Fosse o sistema eléctrico ucraniano tão resiliente como o que abastece a Península Ibérica e há muito que a Federação russa haveria desligado a luz aquele país. E não o conseguiu porquê? Porque a URSS lá deixou um sistema energético capaz de fazer a inveja a qualquer economia "avançada" da União Europeia. Centrais de todo o tipo formam uma máquina de guerra cheia de redundâncias, extremamente difícil de desligar. Na EU, centrais como essas desligam-se todos os dias, nomeadamente em Portugal (desligaram-se centrais termoeléctricas de Sines e do Pego), fecharam-se refinarias e para quê? Para abrir a carvão na Alemanha e comprar electricidade à Espanha. Foi um negócio fantástico, que permite lucros fabulosos à EDP.

Depois de um investimento brutal pago pelo povo português em energias renováveis, eis que descobrimos que a nossa energia é vendida para fora e compramos a de fora cá para dentro. Para quê? Para o povo e as empresas comprarem energia mais barata? Não! Para a EDP, a REN, antes públicas e agora privadas, fecharem os trimestres com lucros fabulosos. Serviços mínimos, lucros máximos. Não sendo especialista nesta área, não existem, contudo, grandes segredos sobre o funcionamento corporativo privado. Comprar o mais barato e vender o mais caro possível, mesmo que tal implique sujeitar toda uma população aos prazeres dos "mercados" e à vulnerabilidade do "curto-prazismo". A desindustrializão dos EUA responde bem a quem o duvide.

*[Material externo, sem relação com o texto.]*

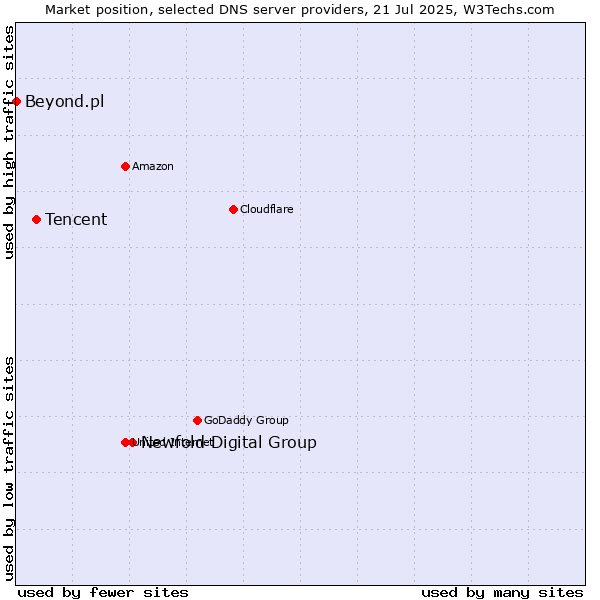 Market position of Newfold Digital Group vs. Tencent vs. Beyond.pl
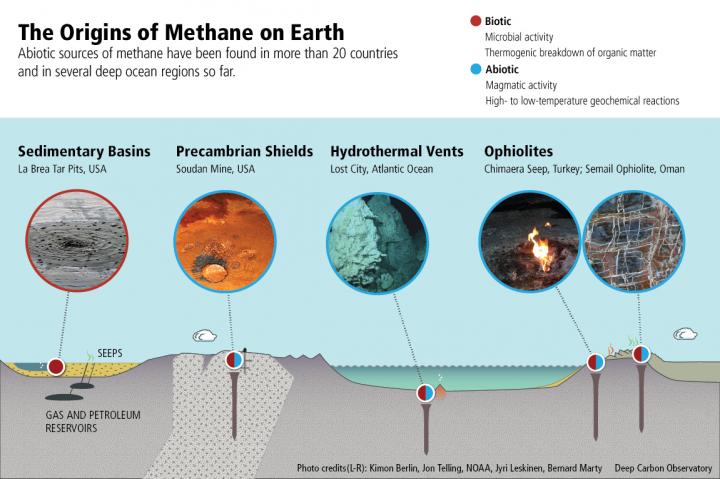 Several Origins of Methane on Earth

Embora breve, o episódio escancarou uma crise estrutural pouco debatida: as consequências da privatização e liberalização dos sistemas eléctricos nacionais sob o guarda-chuva da União Europeia (UE). Sob o pretexto das "imposições" europeias, Portugal segmentou (separou a produção da distribuição e comercialização) com base numa suposta concorrência que nunca chegou, privatizou e liberalizou. Para as empresas privatizadas e vendidas ao capital estrangeiro foi uma lotaria, para o povo português, que antes tinha das energias mais baratas de toda a EU, mesmo não sendo dos que paga mais, passou a 10.º mais caro, na decomposição anual do preço doméstico, de acordo com a ERSE. O facto é que desde que a Comissão Europeia, hoje chefiada pela incontronável Ursula von der Leyen, a sua propaganda de que quer energia barata para os europeus, foi acompanhada, em quantidade, pelo aumento do preço dessa mesma energia.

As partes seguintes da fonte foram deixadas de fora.